I'm trying to get two computers to start a program (to play a video) simultaneously using a network connection in Python.
I'm starting down the path of opening a socket server on one machine, connecting to it on the other, and sending some kind of communication saying "Now!", which is do-able, but seems unnecessarily complicated.
Is there some easy thing I'm missing here? Ideally I'd have a program called "Block.py" that I'd start from a bash script on one machine, which would wait till I run it on the other machine, and they'd then both continue on to the omxplayer command...
Both machines have static IPs, if that helps simplify things.
Many Thanks in advance!
Top comments (3)
You're going to open a socket to somewhere. There has to be some means of communication. If it's a throwaway and you don't need synchronization better than a few hundred milliseconds, and it's only these two machines, call one of them the master, one of them the minion, and write a pair of bash scripts.
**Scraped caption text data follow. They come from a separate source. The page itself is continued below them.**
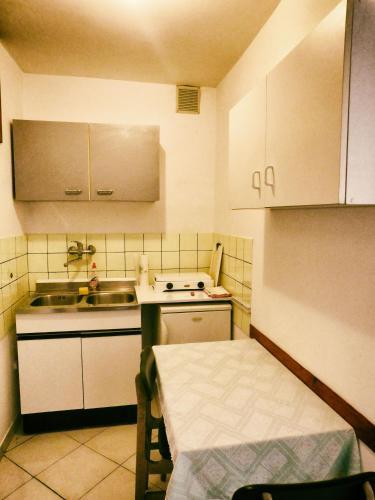 Apartment Niko Id:0008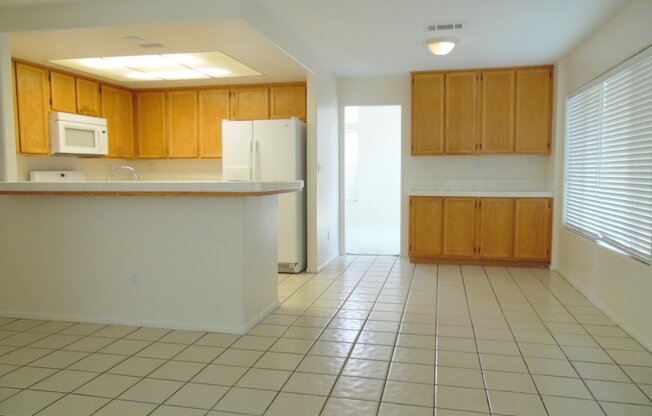 Desert Shores - 4 bedroom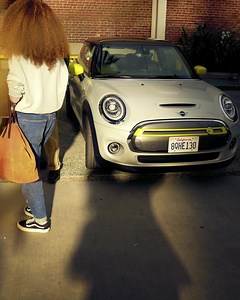 A near silent drive for a louder than life experience with the first all-electric MINI. | MINI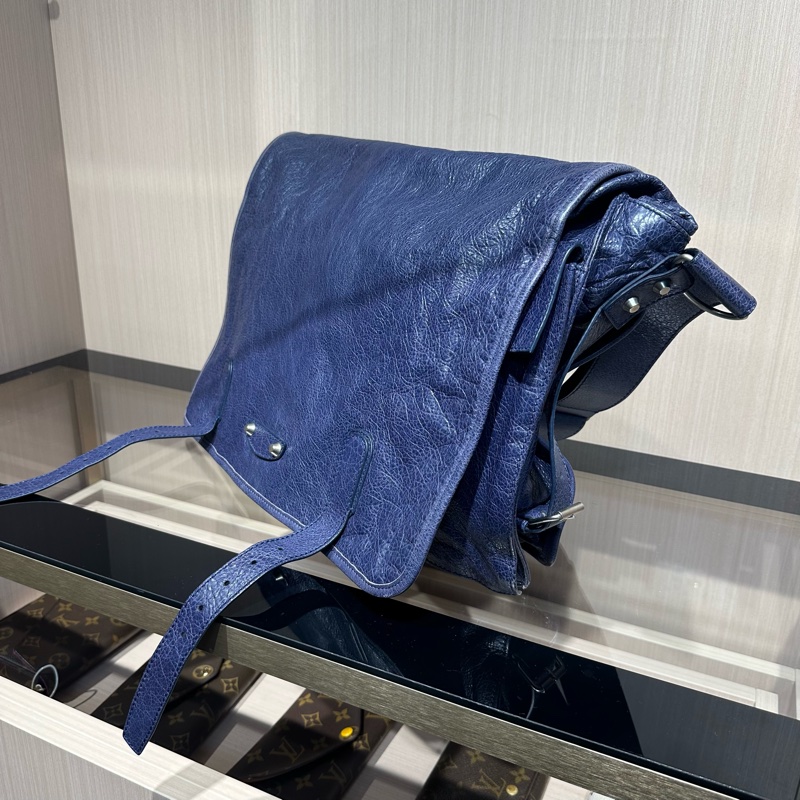 巴黎世家Balenciaga蓝色油蜡皮机车翻盖邮差包-2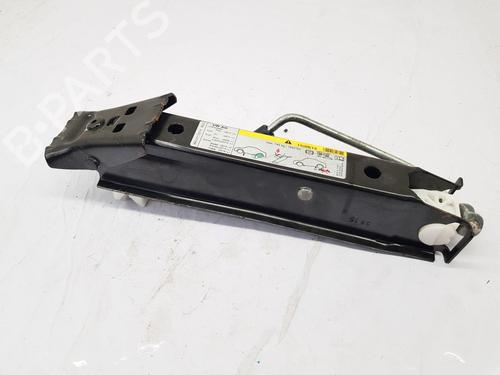 Used Jack Kit Jack Kit VW POLO V (6R1, 6C1) 1.0 (60 hp) 40221715 40221715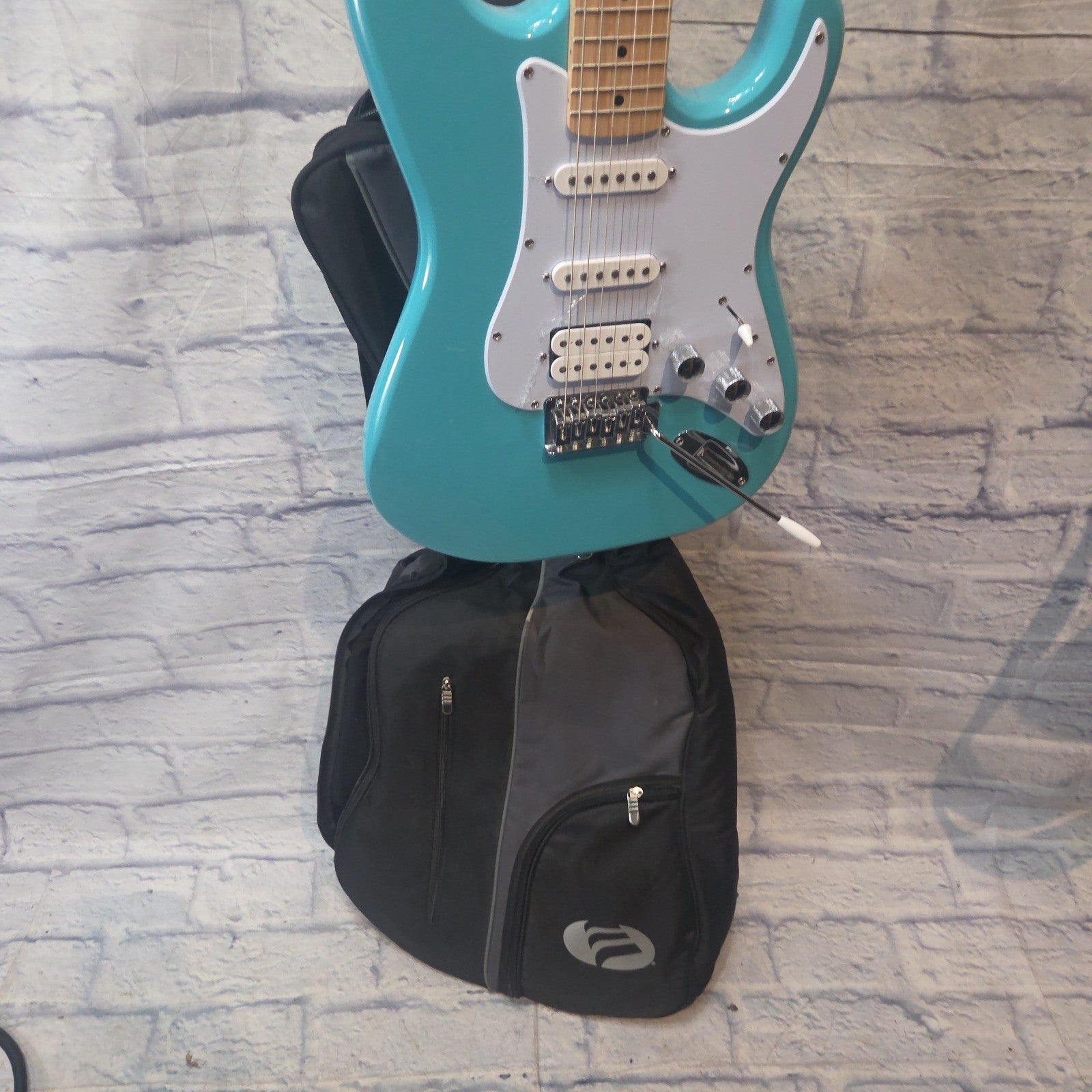 Kramer Focus Teal VT-211S ( With Case) Electric Guitar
On the master, the bash script runs ncat or netcat listening for a connection a port. As soon as it receives the connection and netcat exits, run omxplayer.
On the minion, use ncat or netcat to connect to the master, and once it exits, run omxplayer.
This is brittle, it can't give you better precision, if there are errors it has to be reset by hand, but if you really just need this to happen, it will work.
If it is likely to grow to other machines or you need better precision then you need to do something more sophisticated. One of my usual tricks for an architecture is to replace any fixed number of things with an arbitrary number that might be very large and think about how to make it work. If I needed higher precision and many machines synchronized, I would use something like Zookeeper or etcd (hereafter the coordinator). Make sure you have NTP synchronizing the time to the necessary precision (or add atomic clocks to the machine if you need really high precision). Each of the minions connects to coordinator and elects a master, starts the video paused, then waits on a shared location in the coordinator to have a value set. The master picks a timestamp a little bit in future and sets it into that location. Each machine is notified of the new value, loops until it reaches that timestamp, and starts the video.
Ah, ncat would have worked, thanks! Shouldn't need any more than the two machines, it's a couple of Raspberry Pis playing videos on a pair of "Lady Gaga Glasses", so unless she grows a third eye, I should be good. 8*)
Thanks again!
Turns out it wasn't as hard as I thought, the example code at realpython.com/python-sockets/ has a server and client that do pretty much what I want. [Hint, gotta use 'python3' instead of 'python' but since I'm calling it from bash, that's a don't care...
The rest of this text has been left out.